慎哉は慌てた様子で、口早に言葉を並べた。


「ちゃうって!!俺、好きやで!?けど、そんなん言わんでも柚依は理解(ワカ)ってくれとると思てたし、恥ずいやん。そんなん…」


最後の方は、泣きそうな声になっていた。

柚依は優しく口元を綻ばせて、慎哉に言った。


「判っとるよ。慎哉の事ぐらい…。慎哉やって、うちの事は判ってくれてるやろ?」

「ったり前やんけ」

「やったら、それで()ぇよ。確かに、実の姉の前で恋バナするんは恥ずいしな」

「やろぉ?何で、姉貴の前でそんな話せなあかんねんなぁ?」

「酷っ。()ぇや〜ん。柚依は、うちの将来の妹やしぃー」

「亜貴の妹かぁ…」

「それ以前に、柚依は俺の嫁さんやのっ」


明るい声が、保健室に響いた。


「…聴いた?」

「………一言一句」


カーテンの向こう。

樹梨は、眼を醒ましていた。

崇宏が頬杖をついて、樹梨を見つめている。


「柚依は慎哉と付き合ってんの。俺と樹梨、亜貴以外は学校の連中は誰も知らない」

「何で…?何で、柚依は私に黙ってたの…?」

「それは、本人に訊けよ。起きられるだろ?」


崇宏に促され、樹梨は静かにベッドを降りた。


シャっとカーテンの開く音がして、柚依と慎哉は振り返った。

当たり前だが、視線の先には崇宏が。

そして、樹梨が居た。


「柚依。
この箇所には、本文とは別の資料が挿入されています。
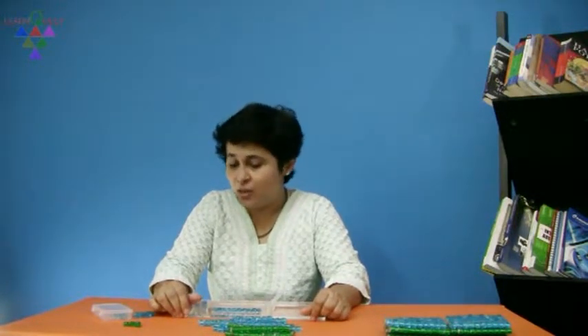Now, write a minus 7 after the 25. Ask them, what does minus mean? Minus means to remove, to take away. What do they have to take away? 7. But are there 7 beads in the house of units? No.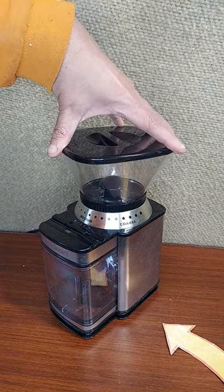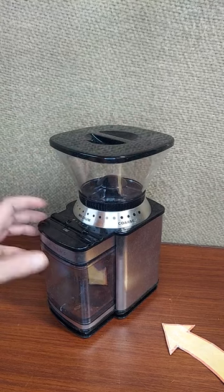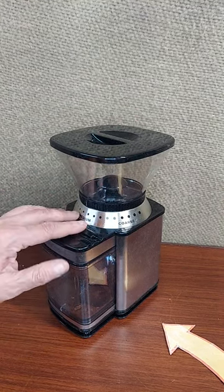It's so easy to adjust the grind. It can hold — or grind — 18 cups of coffee worth of grind. You can set it and forget it.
樹梨が話があるって」

「んー。こっち来れば」

「樹梨」


樹梨は俯いて、柚依と慎哉の方へやって来た。

亜貴が、立ち上がって2人に席を譲る。

亜貴はそのまま新しいコーヒーを淹れに場から離れた。


「で?何が訊きたいって?」


2人が席に着くのを見届けて、柚依は樹梨に話し掛けた。

慎哉や亜貴と話していたさっきとは、がらりと変わった冷たいイントネーション。

樹梨の顔は、益々床を向いた。


「言ってくれなきゃ判んないんだけど」


更に、柚依は冷たく言い放つ。

崇宏も慎哉も、樹梨に手を貸そうとはしなかった。

如何(イカン)せん、樹梨は良くも悪くも他人に頼り過ぎ。

依存し過ぎなのだ。

それは、2人とも――勿論柚依も――判っていた。


「……ん…で…」

「は?何」

「何で…私には何も言ってくれなかったの…?」


消え入るような細い声。

それだけで、柚依のアドレナリンは放出しっぱなし。

元々、2人は合わないのだ。

何故それなのに、危うい友情が続いていたかというと、2人があまり深く付き合わなかったから。

特に、柚依が樹梨を避けていた。

というより、自分から関わろうとしなかった。

そんな綱渡りみたいな友情が此処まで持ったのは、全く奇蹟としか言いようが無い。